In Conversation with
Tess Maunder
Brisbane, 7 September 2018

Soda_Jerk (Dan and Dominique Angeloro). Courtesy the artists.

Soda_Jerk: Vigilante Fables Against Terror Nullius

Soda_Jerk (Dan and Dominique Angeloro). Courtesy the artists.

Soda_Jerk are a New York-based art duo made up of Australian siblings Dan and Dominique Angeloro. They are known for their mash-up video works, which sit between speculative fiction and documentary. Their sample-based practice originated in Sydney in 2002 and comprises films, video installations, cut-up texts, and lecture performances.

In 2016, Soda_Jerk were awarded the Ian Potter Moving Image Commission (IPMIC) to develop a new film called TERROR NULLIUS, which they describe as 'a political revenge fable which offers an un-writing of Australian national mythology'. The award is a joint initiative of The Ian Potter Cultural Trust and the Australian Centre for the Moving Image (ACMI), aimed at supporting mid-career Australian artists who work in moving image.

Australia's funding landscape offers considerable support for emerging artists, yet it can be difficult for mid-career artists to receive much support, funding or otherwise. The Ian Potter Moving Image Commission is therefore a crucial asset to the creative development of Australian mid-career artists. The prize combines an AUD 100,000 fee gifted by The Ian Potter Cultural Trust, alongside in-kind curatorial and production support from ACMI.

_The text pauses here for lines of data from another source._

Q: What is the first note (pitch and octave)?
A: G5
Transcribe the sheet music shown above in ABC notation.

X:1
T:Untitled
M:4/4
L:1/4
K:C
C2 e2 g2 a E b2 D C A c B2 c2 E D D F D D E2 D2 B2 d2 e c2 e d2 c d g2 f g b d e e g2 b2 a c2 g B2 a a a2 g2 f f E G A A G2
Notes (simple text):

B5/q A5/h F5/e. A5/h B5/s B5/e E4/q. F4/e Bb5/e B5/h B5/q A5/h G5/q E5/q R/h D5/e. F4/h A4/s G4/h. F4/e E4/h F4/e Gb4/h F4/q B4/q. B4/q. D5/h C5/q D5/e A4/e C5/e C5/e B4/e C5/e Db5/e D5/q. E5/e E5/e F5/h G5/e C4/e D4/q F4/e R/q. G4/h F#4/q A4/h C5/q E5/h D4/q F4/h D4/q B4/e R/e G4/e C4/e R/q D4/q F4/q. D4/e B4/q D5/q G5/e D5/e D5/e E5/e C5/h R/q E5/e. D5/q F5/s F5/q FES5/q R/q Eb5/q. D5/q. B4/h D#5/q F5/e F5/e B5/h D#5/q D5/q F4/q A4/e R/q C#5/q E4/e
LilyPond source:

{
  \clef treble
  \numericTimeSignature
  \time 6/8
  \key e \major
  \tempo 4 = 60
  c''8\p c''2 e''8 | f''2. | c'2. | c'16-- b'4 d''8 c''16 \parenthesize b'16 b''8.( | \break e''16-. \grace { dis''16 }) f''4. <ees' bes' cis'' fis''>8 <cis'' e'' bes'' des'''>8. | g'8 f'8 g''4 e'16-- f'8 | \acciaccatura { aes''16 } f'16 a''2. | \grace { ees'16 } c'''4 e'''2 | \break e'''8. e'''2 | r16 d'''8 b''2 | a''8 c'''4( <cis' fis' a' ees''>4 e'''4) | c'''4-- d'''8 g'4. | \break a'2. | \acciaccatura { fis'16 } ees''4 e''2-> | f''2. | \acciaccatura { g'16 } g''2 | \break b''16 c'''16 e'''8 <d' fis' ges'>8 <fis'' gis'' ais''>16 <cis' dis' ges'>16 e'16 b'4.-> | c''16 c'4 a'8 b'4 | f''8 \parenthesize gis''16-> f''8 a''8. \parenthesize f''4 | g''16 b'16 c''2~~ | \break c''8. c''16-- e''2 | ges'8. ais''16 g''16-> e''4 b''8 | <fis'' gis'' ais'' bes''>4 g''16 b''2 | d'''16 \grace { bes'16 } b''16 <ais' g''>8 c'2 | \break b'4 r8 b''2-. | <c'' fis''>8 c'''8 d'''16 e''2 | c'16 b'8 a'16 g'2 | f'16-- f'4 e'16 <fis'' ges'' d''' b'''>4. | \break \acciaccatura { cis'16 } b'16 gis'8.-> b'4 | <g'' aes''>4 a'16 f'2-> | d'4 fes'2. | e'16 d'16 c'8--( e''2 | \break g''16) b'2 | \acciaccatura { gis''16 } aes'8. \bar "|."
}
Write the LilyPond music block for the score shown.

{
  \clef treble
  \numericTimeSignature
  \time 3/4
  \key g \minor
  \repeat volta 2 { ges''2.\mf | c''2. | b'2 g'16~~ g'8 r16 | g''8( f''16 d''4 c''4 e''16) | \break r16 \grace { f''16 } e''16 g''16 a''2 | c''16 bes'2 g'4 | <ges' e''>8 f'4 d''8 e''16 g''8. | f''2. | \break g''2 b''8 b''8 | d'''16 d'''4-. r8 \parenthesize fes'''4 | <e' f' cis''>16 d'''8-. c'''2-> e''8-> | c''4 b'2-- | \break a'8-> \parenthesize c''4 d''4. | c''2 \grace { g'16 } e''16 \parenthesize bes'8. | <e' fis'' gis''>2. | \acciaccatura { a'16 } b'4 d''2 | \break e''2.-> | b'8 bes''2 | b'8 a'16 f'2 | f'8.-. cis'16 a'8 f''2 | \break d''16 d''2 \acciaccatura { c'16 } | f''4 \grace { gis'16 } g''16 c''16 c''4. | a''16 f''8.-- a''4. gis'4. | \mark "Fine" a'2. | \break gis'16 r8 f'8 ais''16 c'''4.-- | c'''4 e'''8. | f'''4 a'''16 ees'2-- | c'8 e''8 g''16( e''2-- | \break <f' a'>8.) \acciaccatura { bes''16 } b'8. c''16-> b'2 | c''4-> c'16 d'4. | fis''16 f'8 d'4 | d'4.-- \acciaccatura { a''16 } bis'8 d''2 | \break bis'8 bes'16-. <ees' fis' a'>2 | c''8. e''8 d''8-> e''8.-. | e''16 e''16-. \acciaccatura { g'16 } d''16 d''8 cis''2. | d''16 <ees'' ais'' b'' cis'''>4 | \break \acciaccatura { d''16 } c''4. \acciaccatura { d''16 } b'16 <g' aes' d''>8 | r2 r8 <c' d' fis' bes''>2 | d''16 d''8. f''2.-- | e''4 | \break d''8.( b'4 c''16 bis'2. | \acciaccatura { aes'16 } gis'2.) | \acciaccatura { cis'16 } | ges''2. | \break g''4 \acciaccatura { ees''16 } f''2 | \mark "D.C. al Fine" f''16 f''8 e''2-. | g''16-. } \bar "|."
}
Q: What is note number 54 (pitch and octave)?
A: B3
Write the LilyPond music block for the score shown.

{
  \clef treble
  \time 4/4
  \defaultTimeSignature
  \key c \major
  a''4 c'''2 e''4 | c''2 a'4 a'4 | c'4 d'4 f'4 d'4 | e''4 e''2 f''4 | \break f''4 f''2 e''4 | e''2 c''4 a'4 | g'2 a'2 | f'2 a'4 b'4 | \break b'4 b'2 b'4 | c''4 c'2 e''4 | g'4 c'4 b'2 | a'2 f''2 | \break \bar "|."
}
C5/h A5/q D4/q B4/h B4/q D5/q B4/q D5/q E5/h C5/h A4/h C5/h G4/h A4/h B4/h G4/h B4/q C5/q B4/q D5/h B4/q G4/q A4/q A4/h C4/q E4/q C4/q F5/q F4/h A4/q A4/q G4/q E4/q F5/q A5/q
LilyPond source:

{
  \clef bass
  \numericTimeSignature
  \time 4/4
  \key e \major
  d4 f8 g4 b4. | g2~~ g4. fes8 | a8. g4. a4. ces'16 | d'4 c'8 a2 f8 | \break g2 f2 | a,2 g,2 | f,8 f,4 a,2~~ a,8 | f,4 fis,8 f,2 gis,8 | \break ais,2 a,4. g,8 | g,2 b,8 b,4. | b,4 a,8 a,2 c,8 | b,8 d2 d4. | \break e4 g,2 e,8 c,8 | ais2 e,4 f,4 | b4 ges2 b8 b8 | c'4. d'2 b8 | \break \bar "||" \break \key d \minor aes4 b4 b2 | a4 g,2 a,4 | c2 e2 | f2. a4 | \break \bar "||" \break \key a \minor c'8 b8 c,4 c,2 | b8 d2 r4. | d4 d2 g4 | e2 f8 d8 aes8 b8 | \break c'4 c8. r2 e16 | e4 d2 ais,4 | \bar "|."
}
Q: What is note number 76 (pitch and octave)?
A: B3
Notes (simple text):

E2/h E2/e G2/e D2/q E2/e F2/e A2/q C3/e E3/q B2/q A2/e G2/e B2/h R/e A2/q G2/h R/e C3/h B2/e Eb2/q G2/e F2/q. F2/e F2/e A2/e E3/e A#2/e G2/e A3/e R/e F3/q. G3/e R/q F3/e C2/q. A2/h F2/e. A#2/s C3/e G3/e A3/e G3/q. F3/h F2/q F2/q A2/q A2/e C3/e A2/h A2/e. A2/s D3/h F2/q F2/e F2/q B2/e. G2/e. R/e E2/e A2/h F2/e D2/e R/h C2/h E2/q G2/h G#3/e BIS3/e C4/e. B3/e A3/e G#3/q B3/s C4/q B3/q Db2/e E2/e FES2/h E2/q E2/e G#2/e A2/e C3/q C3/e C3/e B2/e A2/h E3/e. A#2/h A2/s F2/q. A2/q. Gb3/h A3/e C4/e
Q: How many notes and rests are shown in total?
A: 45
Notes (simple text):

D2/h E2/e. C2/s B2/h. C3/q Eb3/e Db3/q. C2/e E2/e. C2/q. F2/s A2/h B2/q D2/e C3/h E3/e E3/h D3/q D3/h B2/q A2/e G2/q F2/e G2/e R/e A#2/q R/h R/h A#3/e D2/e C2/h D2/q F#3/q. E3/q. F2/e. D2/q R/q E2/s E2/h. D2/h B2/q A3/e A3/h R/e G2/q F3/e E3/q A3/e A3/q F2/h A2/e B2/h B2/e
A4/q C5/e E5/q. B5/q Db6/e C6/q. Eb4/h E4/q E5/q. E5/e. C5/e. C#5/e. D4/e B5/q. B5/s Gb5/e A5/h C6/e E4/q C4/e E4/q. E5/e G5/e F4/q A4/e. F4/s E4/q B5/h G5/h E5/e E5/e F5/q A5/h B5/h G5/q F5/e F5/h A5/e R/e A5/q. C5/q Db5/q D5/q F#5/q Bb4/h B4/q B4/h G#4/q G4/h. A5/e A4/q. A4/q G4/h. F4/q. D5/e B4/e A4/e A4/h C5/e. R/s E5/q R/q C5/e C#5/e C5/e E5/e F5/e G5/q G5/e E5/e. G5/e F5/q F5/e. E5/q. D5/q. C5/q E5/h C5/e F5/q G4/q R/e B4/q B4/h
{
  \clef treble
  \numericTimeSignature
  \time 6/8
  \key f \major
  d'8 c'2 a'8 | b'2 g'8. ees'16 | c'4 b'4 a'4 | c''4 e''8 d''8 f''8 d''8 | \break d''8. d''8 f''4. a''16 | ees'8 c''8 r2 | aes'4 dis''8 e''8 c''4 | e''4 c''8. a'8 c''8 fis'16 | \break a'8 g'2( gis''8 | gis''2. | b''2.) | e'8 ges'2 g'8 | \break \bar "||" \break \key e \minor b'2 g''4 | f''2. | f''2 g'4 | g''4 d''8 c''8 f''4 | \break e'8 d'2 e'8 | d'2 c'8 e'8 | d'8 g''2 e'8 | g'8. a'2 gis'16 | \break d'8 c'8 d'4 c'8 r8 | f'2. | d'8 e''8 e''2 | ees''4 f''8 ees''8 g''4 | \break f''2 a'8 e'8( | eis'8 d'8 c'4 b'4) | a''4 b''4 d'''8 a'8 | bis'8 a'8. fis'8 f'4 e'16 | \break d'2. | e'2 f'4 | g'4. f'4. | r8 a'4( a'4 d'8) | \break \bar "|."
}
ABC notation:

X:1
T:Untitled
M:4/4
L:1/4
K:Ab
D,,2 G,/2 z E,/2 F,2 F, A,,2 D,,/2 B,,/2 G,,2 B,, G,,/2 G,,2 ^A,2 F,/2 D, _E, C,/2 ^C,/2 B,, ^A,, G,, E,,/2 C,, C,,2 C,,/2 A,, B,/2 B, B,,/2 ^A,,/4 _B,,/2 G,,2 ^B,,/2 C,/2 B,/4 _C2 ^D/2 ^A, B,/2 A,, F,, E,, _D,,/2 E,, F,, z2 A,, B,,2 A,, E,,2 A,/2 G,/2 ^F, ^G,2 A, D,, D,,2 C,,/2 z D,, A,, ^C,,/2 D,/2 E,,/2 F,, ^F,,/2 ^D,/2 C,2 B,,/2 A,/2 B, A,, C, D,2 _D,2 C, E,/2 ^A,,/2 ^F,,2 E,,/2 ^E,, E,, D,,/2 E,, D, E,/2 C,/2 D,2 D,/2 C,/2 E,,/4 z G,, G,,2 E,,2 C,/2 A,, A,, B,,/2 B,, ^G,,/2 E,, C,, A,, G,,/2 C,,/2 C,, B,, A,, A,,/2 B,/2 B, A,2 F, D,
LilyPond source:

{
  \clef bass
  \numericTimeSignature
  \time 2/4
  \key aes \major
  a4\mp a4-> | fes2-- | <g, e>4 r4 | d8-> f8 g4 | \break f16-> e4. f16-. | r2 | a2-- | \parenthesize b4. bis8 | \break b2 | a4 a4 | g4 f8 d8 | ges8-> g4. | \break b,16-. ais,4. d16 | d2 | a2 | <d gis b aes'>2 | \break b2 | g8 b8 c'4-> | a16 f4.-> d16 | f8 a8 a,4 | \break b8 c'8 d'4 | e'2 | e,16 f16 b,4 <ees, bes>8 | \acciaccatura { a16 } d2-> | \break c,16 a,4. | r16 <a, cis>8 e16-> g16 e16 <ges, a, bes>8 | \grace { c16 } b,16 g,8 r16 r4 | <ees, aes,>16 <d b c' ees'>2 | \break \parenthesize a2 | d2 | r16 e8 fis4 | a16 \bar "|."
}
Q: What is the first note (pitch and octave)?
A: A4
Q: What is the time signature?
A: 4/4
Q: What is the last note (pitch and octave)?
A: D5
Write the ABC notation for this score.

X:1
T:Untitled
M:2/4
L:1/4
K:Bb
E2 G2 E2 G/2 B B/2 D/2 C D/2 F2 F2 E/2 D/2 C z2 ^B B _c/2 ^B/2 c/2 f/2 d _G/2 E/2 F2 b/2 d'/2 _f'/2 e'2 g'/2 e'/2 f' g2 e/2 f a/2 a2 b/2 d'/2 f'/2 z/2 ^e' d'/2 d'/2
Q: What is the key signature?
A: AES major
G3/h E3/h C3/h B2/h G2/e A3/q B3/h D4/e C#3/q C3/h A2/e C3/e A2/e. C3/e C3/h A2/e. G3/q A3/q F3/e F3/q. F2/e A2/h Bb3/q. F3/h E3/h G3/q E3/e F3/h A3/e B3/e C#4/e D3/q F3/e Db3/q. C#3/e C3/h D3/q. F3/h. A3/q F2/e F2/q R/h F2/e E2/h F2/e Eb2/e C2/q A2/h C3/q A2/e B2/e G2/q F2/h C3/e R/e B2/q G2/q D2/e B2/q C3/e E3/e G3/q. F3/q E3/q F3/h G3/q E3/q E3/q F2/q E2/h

However, Soda_Jerk's reception of the award was marred by controversy. Five days prior to the much-anticipated premiere of TERROR NULLIUS, the artists were notified that members of the Ian Potter Foundation's board had been offended by the politics of the work and wanted to disassociate with the project. (The full synopsis of the work is as follows: 'Part political satire, eco-horror and road movie, TERROR NULLIUS is a world in which minorities and animals conspire, and not-so-nice white guys finish last. Where idyllic beaches host race-riots, governments poll love-rights, and the perils of hypermasculinity are overshadowed only by the enduring horror of Australia's colonising myth of terra nullius.')

The days following turned into a media storm, with the Ian Potter Foundation releasing a public statement saying that TERROR NULLIUS was 'a very controversial piece of art'. Despite all of this, ACMI did not waver in their support and the launch event went ahead as planned on 20 March 2018, but not before the Ian Potter Foundation asked to have their logo removed from the project, leading the artists to do a total film re-export in the days leading up to the premiere.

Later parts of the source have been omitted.